What's the best way to pronounce heximal numbers?
One could just read them out like they're decimal: "21" being pronounced "twenty one", etc. But that leads to some confusion when mixing heximal and decimal numbers in conversation, and more generally just confuses people who are currently used to only using decimal numbers. It also makes phrases like "base ten" confusing/ambiguous - which base is that 10 in???
Instead I'll propose two simple possibilities, both of which I like for different reasons. One sticks close to decimal while remaining distinguishable; the other is much more foreign but has fun and interesting numerical and syntactic qualities.
How To Pronounce It Like Decimal
(Several aspects of this are inspired by jan Misali's method, but I don't like all the details of their proposal.)
All the individual digits are pronounced normally, as in decimal English: zero, one, two, three, four, five.
All the "teens" (two-digit numbers with a 1 in the higher digit) are also pronounced like in decimal English: 10 is "six", 11 is "seven", 12 is "eight", 13 is "nine", 14 is "ten", and 15 is "eleven".
Higher numbers are pronounced akin to how decimal does it, just with a different suffix. Rather than appending -ty, append -sy: 20 is "twosy", 21 is "twosy one", 32 is "threesy two", etc with "foursy" and "fivesy". (Note: English phonotactics dictates that all of these S's become voiced, pronouncing as "z".)
After two digits, use "quat" to indicate the third digit: 123 is "one quat twosy three".
Always group quats into two digits: 1234 is "eight quat threesy four".
Groups of four digits then form a "gran" (short for "grand quat"): 10000 is "one gran", 23451 is "two gran, threesy four quat, fivesy one".
And then finally, groups of six digits form a "kilo". This, finally is the base of the greater number system that we'll extend from here; we reuse plain numbers, -sy numbers, quats, and grans within the larger kilo group. So "200 000000" "two quat kilo"; "12345 000000" is "approximately one gran kilo", etc.
Every group of six past that gets named using the standard SI prefixes: 20 digits is "mega", 30 is "giga", 40 is "tera", etc. I presume we'd have some latin cognates to continue to draw on for very large numbers, like in decimal, which similarly are never actually used, so I'm not going to care about them.
Keeping the single digits same as in decimal is obvious; all bases do that already.
Pronouncing 10₆ as "six" isn't too unusual, from what I understand of other base-pronunciation schemes. Having a unique word for your 10 value helps in talking about it, so you don't constantly have to mutter "base six" after every mention of "ten".

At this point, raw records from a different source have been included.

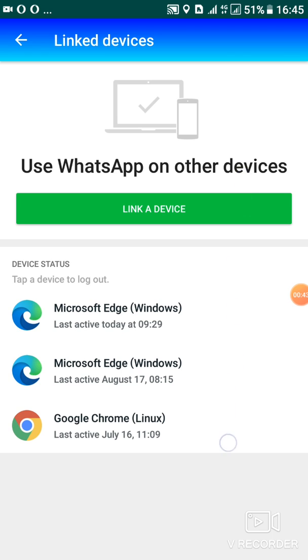So you have to tap where there is linked devices. When you tap there, this is where you connect to your WhatsApp web. So I'll show you, I'll give you an example. As you can see here, use WhatsApp on other devices.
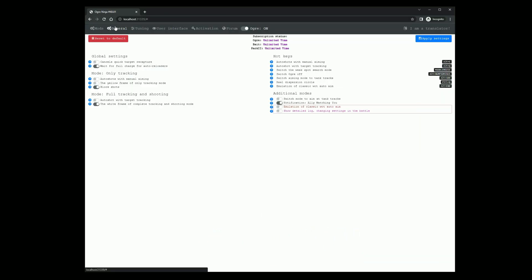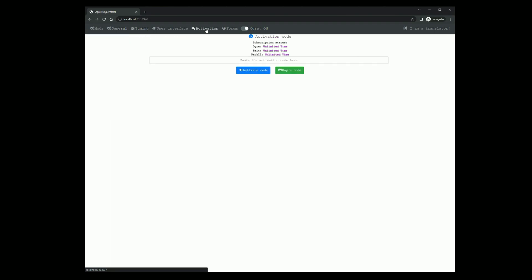Here are all your mods settings, mods status, and field for activation code.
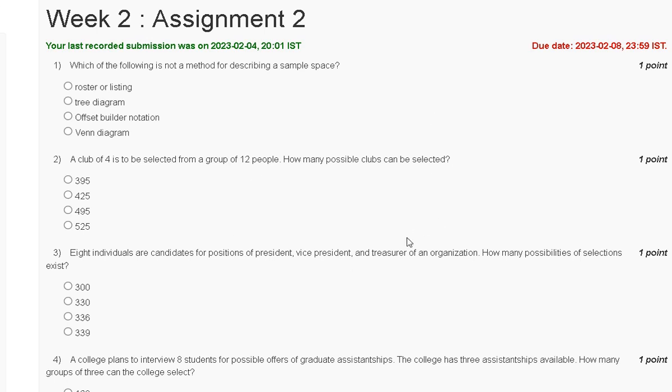Hello guys, welcome to my YouTube channel. In this tutorial video, we are discussing Assignment 2 solution of Data Analytics with Python.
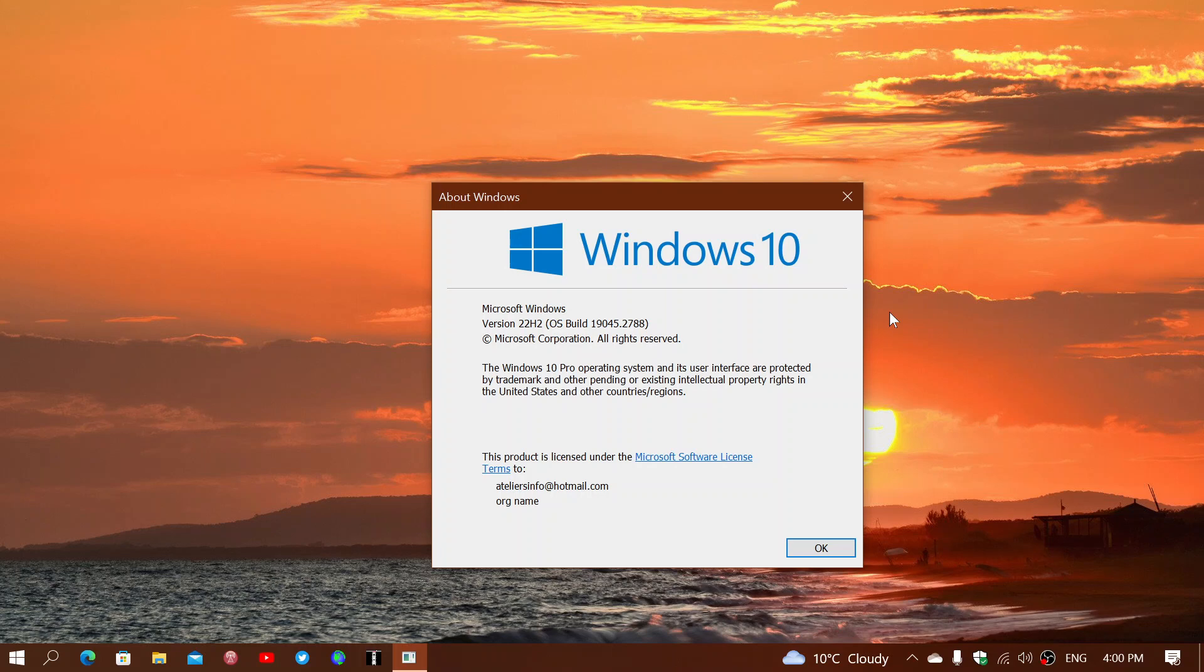Microsoft did say that the 21 H2 is going to have end of support on June 13th of this year, so a couple of months now. You will be at the end of support for 21 H2, so that means you've got to move on to 22 H2 to continue having support for Windows 10.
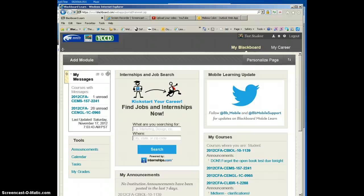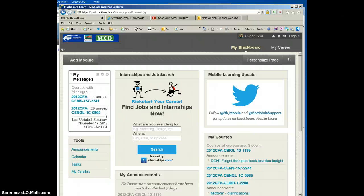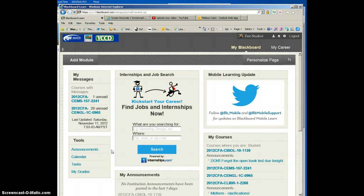Let me again explain — this is messages that are internal to Blackboard. Notice that these classes are indicating that I have one unread and 28 unread. Your instructor might enable this particular module within a single class. For example, if you went into a Biology class, your instructor might have this panel if they use the Dashboard. Either way, you can add it to your own entry page, so as soon as you log in, you will see this module.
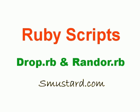In this section of the Ruby Scripts videos, I'm going to be covering the Drop Ruby Script and the Randor Ruby Script, both of which are free and can be found at smustard.com.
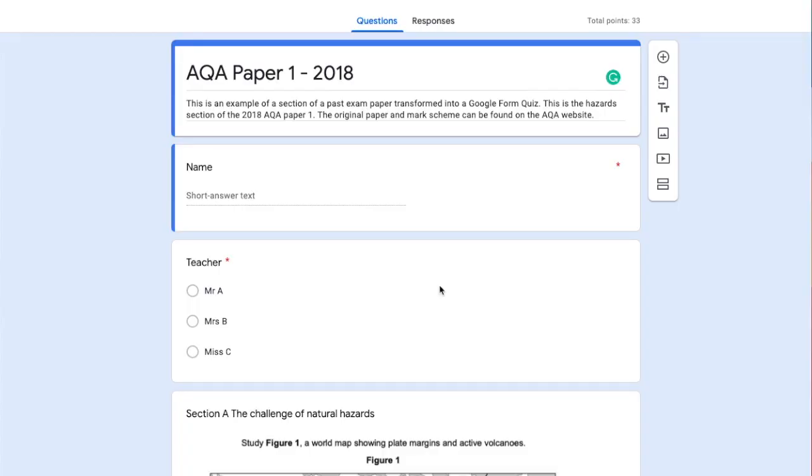In this tutorial, we're going to look at how we can use Google Forms to create an exam paper.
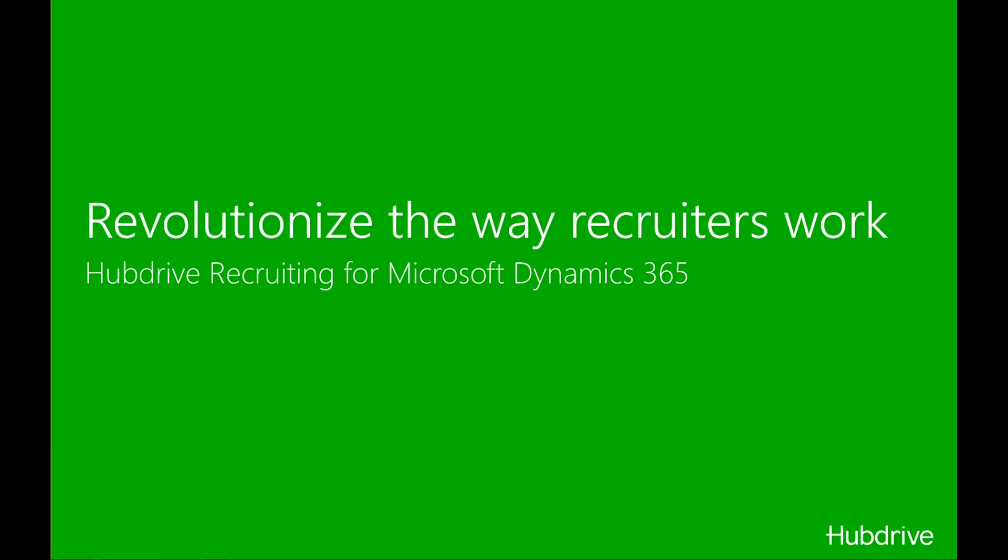Now Hannelore can focus on what she does best, talking to the next candidate that she wants to hire.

For the rest of the 1X values, continuing to use the decimal names makes them simple and easy to remember. Also, the 1X's don't yet have the ability to do the unifying suffix pattern that the higher values do (which I'll get to in a sec), so they've gotta be weird somehow anyway; this is why decimal has the unique "X-teen" variant (shortened from "X and ten"). As a bonus, decimal has unique non-systematic words for all the values we need; it doesn't start systematizing them (which would feel weird carrying over into heximal) until thirteen.

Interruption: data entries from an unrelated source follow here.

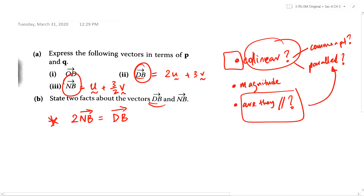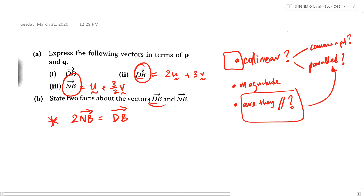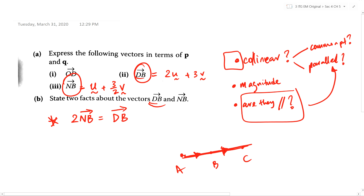Whenever you see three points are collinear, you must know the difference: three points being collinear versus two vectors being collinear — are they referring to the same thing? If three points A, B, C are collinear, we can also say that vector AB is collinear with vector AC as well as BC. So 'collinear' can refer to two different things — are you talking about three points or two vectors? We can use the same term for both cases.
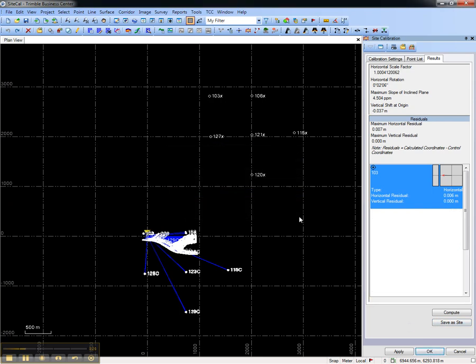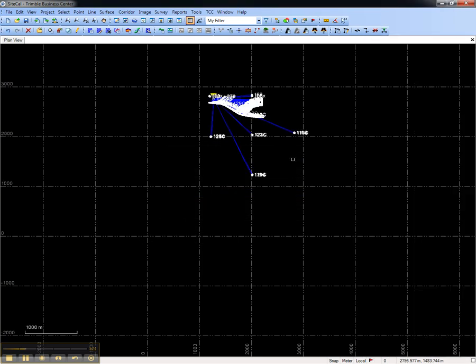The project will recompute and now you'll see that the RTK GNSS survey matches the local control values. This concludes this video on how to perform a GNSS site calibration in Trimble Business Center. Thank you.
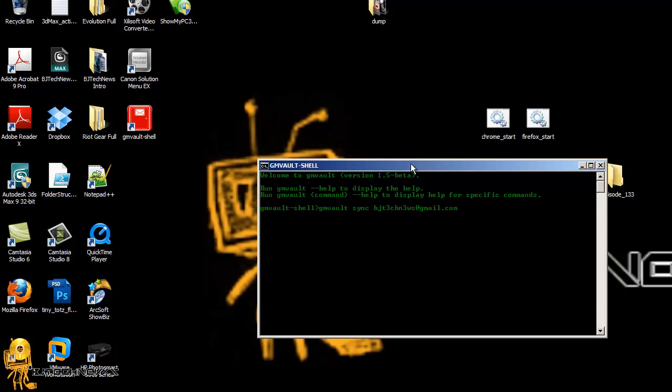Now you got to make sure that when you're doing this command that you're already logged in to your Gmail account. Don't close the browser because most likely if you close the browser it's going to log you out from your Gmail account. Got it?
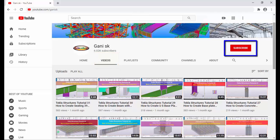At the top right corner, please click the Subscribe button. If you subscribe, you will get notifications or updates when a new video is uploaded. So please click on Subscribe. Thank you.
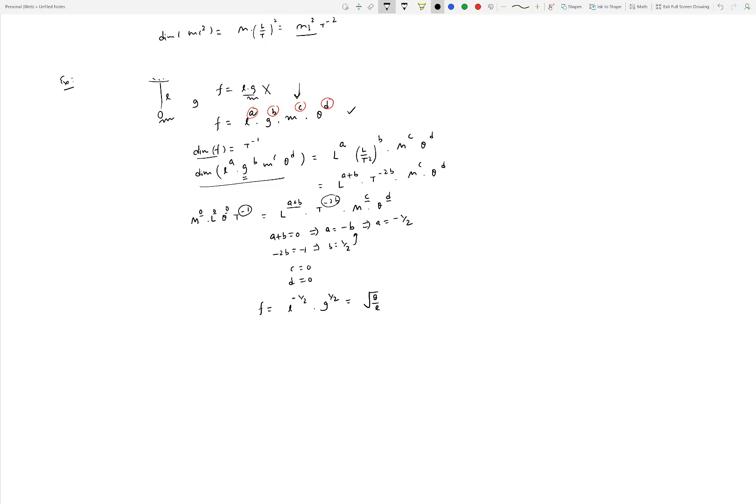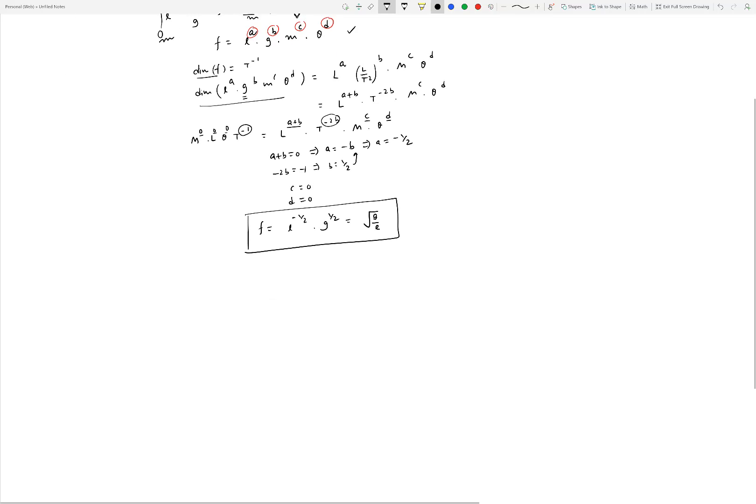The actual formula for the frequency of a pendulum is f = (1/2π)√(g/L), so the factor of 1/2π doesn't come from dimensional analysis because we're not doing the physics here. However, the technique does tell us quite a bit — it tells us there is no dependence on the mass of the pendulum and no dependence on temperature either.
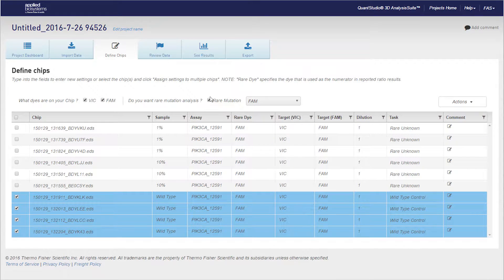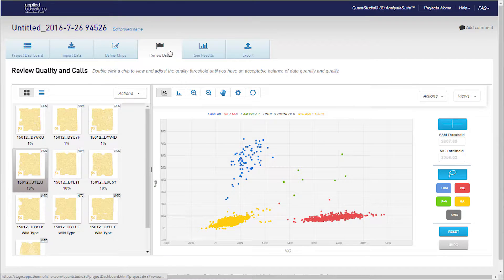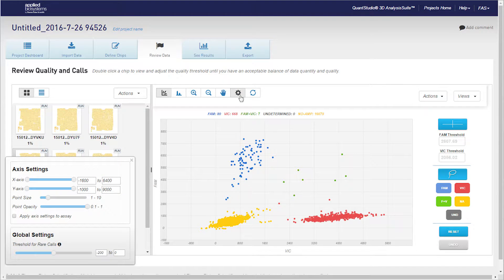Next, in the Review Data tab, go to the Settings menu depicted by the gear icon along the top of the scatter plot.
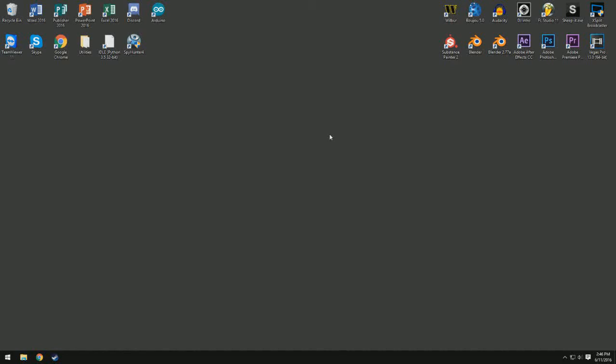Hey guys, how's it going? Remington here, and today I'm going to be going over a really awesome feature in Blender called Vertex Painting and how you can use it to actually modify where materials go on your 3D model.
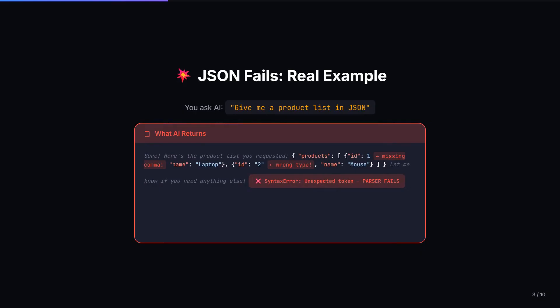If you see over here, this is a real example. You ask an AI: give me a product list in JSON. Simple request, right? But see this missing comma over here. Then we have a wrong value type — over here you can see a string instead of a number. It needs to be a number but it's a string in double quotes. How many of you have spent hours debugging these exact issues? I know I have. One tiny mistake and the entire response is useless. Your app crashes. Your users are frustrated.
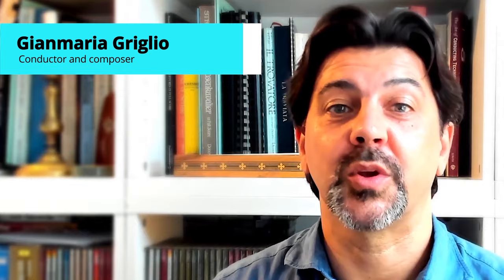Hello everyone, I'm Gianmere Griglio and I welcome you to a new episode of Conducting Pills. If you're new here, this channel is all about classical music, score analysis and conducting tips.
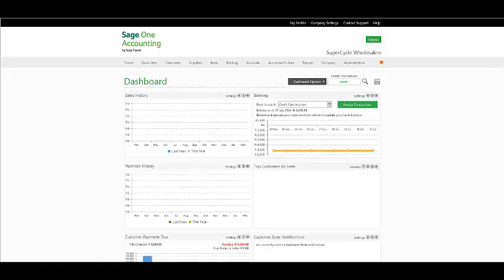Good day ladies and gentlemen, and welcome to the Sage One Accounting Webinar. The topic that will be handled in this webinar is creating and assigning user permissions. First and foremost, I would like to thank you for taking time out of your busy schedule to attend today's webinar. My name is Tasneem and I will be taking you through.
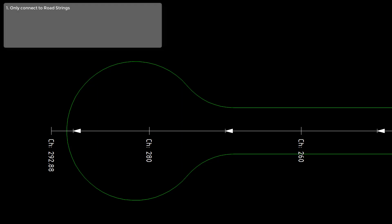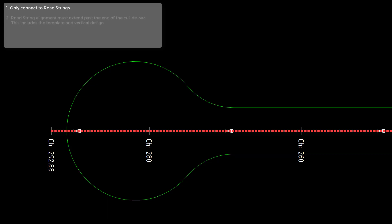The first is that cul-de-sacs can only connect to road strings. Cul-de-sacs are network strings and therefore they will only connect to a road string.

For 2X and after, I use a naming scheme distinguishable from but obviously inspired by decimal. 20⏨ in decimal was originally "two tens"; English shortened the "tens" to a -ty suffix (and lightly modifies "two" and "three" to sound better with the suffix). If we follow the same pattern in heximal, 20₆ is "two sixes", shortening to "twosy".

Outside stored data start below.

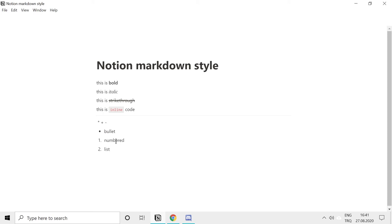You can create toggle lists as well using markdown. Just type in a closing angle bracket and hit space bar and you have that toggle.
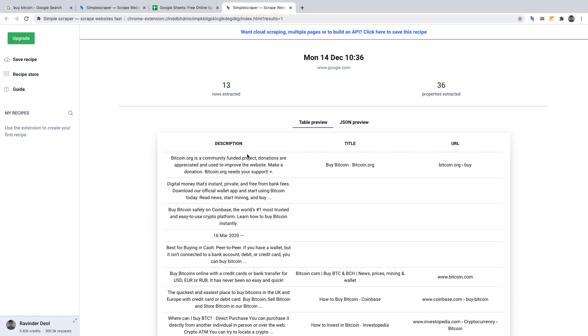Now we're going to take this a step further, turning this web scraper into a web crawler, to get the URL, title, and description on all the key phrases that we wish to, without more manual scraping.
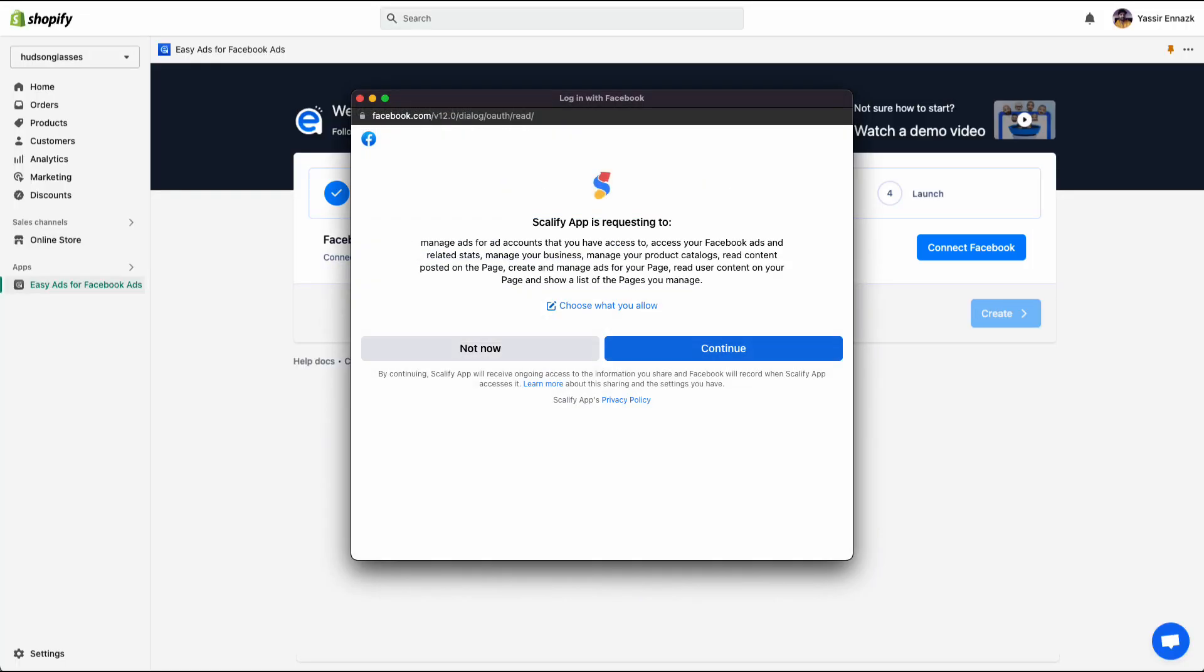The requested permissions will allow Easy Ads to launch and manage ads on your behalf. Keep in mind that Easy Ads does not charge you for your ads. You pay your ads directly to Meta. So when you are in the free trial of Easy Ads, you do not pay Easy Ads anything. But of course, if you launch ads, you pay for your ad spend directly to Meta. Once you accept the requested permissions, you will see this screen.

An accidental nice feature of this over decimal is that it lacks the "thirteen/thirty"/etc confusion that decimal has; a final "n" is hard to hear in some circumstances. In heximal, "nine" and "thirty" are totally different-sounding.
For higher values, "quat" was chosen because (a) it sounds good and unique, not easily confusable with any other numbers, and (b) it's a shortening of "quarter gross", because 100₆ is indeed one quarter of 144⏨.
After that we come to a decision point. Do we start the googlology (naming of large numbers) with 4-digit groupings, because 6⁴ (1296⏨) ≈ 10³ (1000⏨)? Or do we go for the rounder-in-heximal 6-digit grouping, so your first grouping is at 1010 (in heximal), the next at 1020, etc?
For now, I lean toward the rounder-in-heximal solution. It's a bit larger (six heximal digits counts up to about 50,000⏨), but that also means that it's a large enough number you won't actually hit it in normal usage. And 50k isn't unusably large, anyway; overall I think it's still quite usable, and the benefit of extremely round googlology is quite nice.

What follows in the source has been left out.